■ WHAT THE EXERCISE ASKS ■
Exact copy, no pictures: set down the lines from the one holding "Women's Shaker Crewneck" through the final line of the records below.

==== GIVEN INFORMATION ====

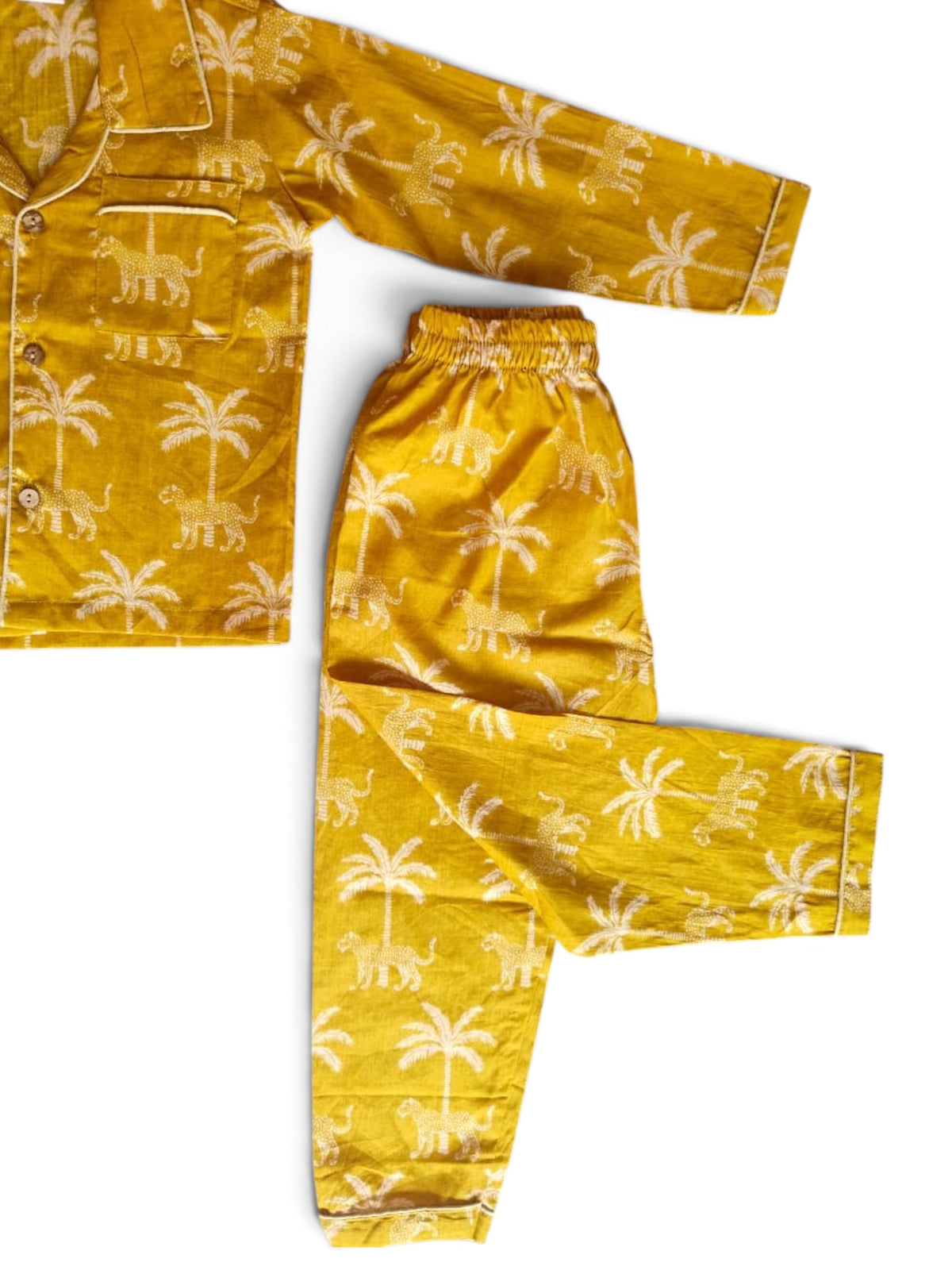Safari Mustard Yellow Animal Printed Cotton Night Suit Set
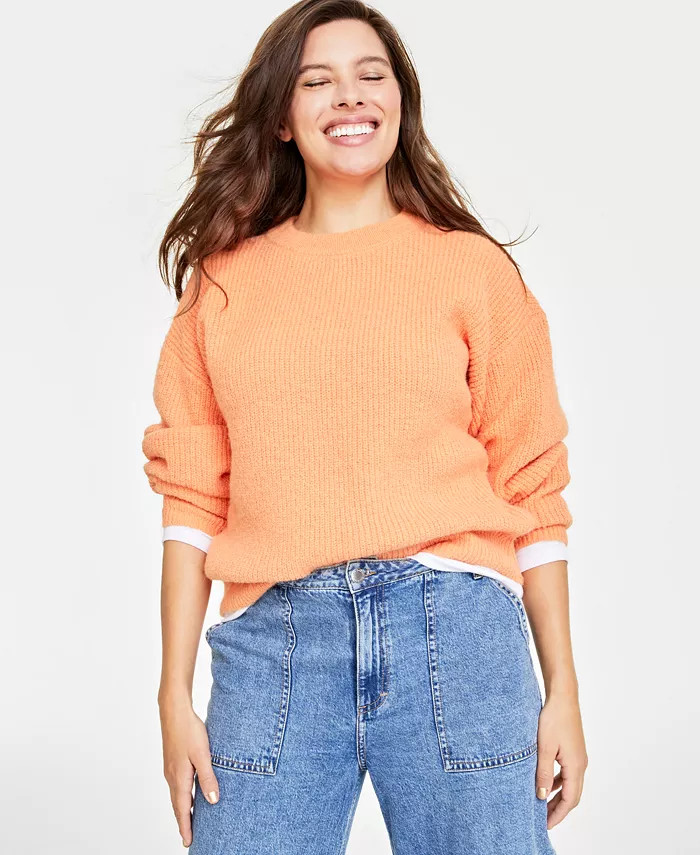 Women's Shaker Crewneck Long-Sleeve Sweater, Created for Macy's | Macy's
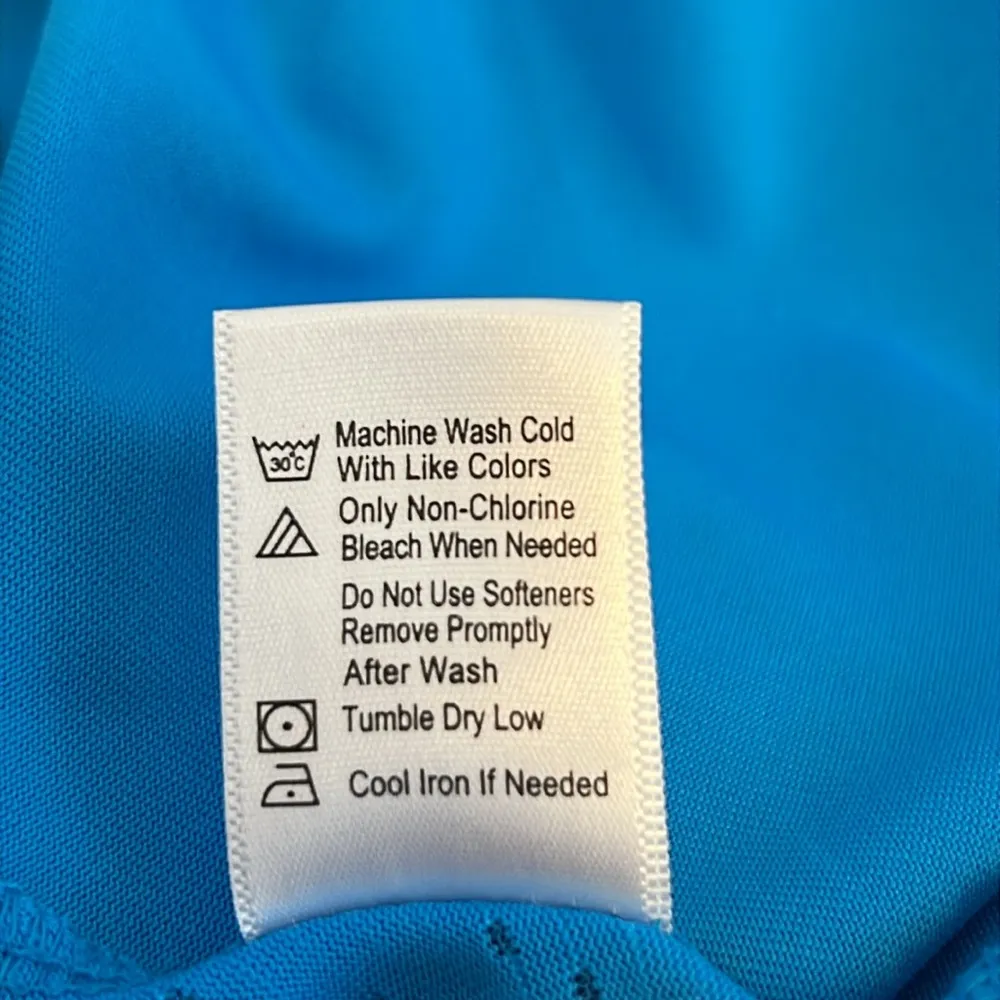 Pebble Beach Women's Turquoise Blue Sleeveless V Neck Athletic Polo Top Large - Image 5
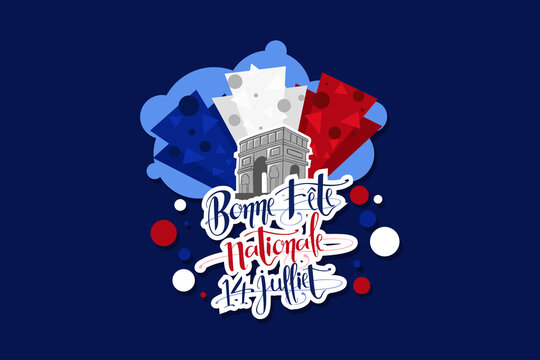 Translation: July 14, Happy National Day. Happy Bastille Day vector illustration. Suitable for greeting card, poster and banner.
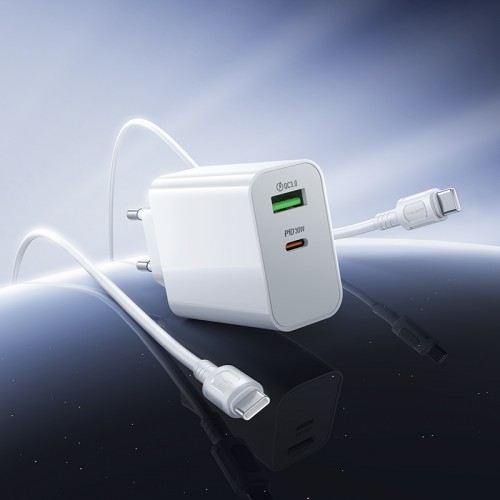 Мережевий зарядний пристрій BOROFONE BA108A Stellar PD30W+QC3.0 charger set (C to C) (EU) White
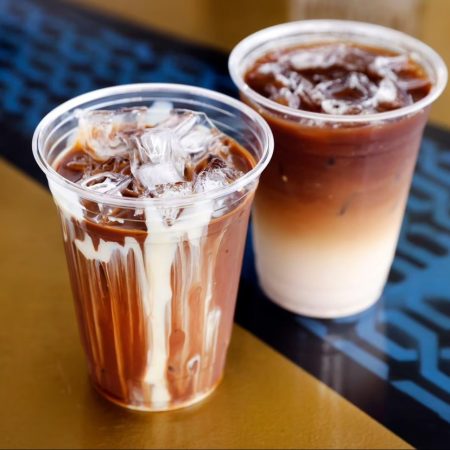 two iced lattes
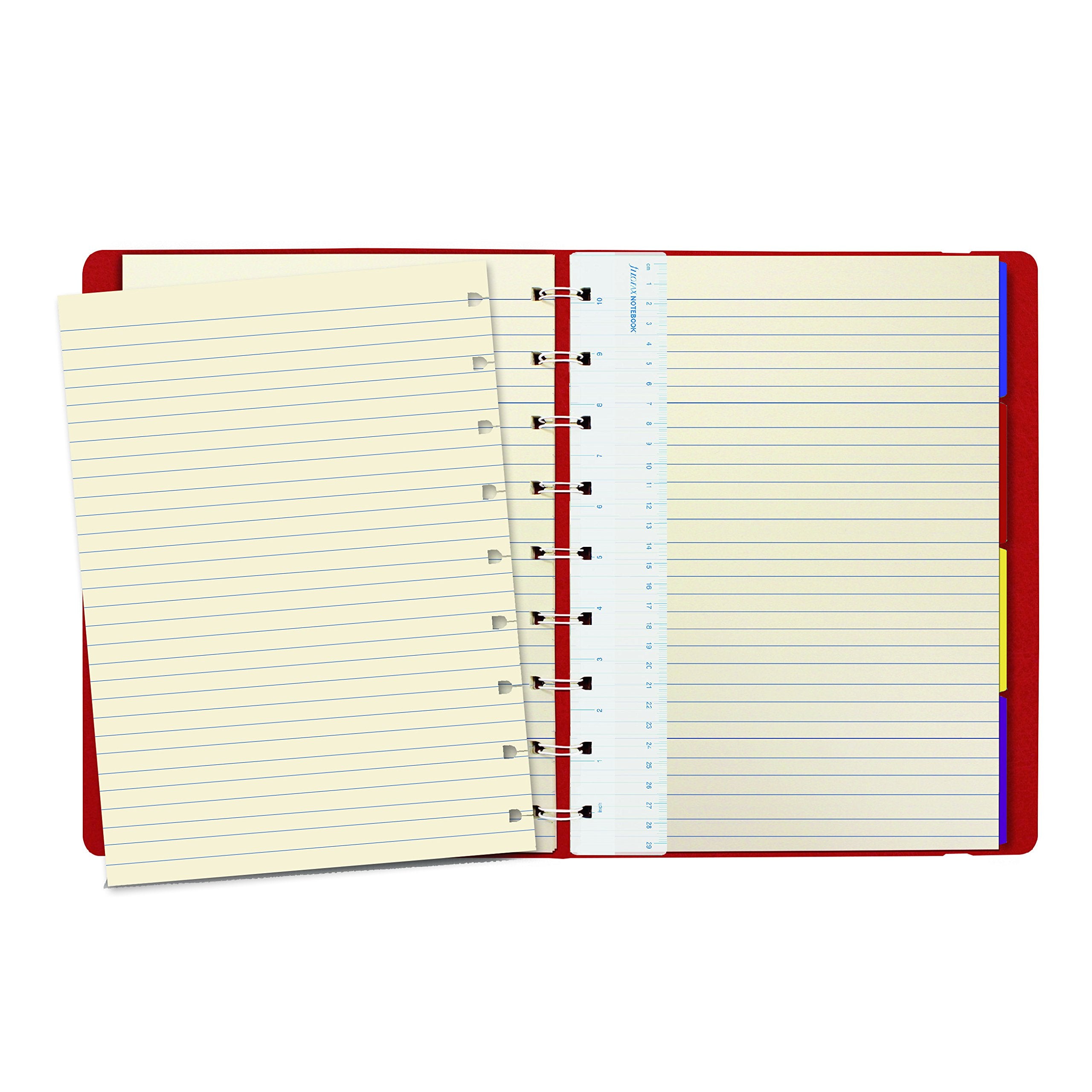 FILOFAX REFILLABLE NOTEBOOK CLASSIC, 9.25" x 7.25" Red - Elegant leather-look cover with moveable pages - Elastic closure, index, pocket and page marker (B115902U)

====

■ ANSWER TO THE PROBLEM ■
 Women's Shaker Crewneck Long-Sleeve Sweater, Created for Macy's | Macy's
 Pebble Beach Women's Turquoise Blue Sleeveless V Neck Athletic Polo Top Large - Image 5
 Translation: July 14, Happy National Day. Happy Bastille Day vector illustration. Suitable for greeting card, poster and banner.
 Мережевий зарядний пристрій BOROFONE BA108A Stellar PD30W+QC3.0 charger set (C to C) (EU) White
 two iced lattes
 FILOFAX REFILLABLE NOTEBOOK CLASSIC, 9.25" x 7.25" Red - Elegant leather-look cover with moveable pages - Elastic closure, index, pocket and page marker (B115902U)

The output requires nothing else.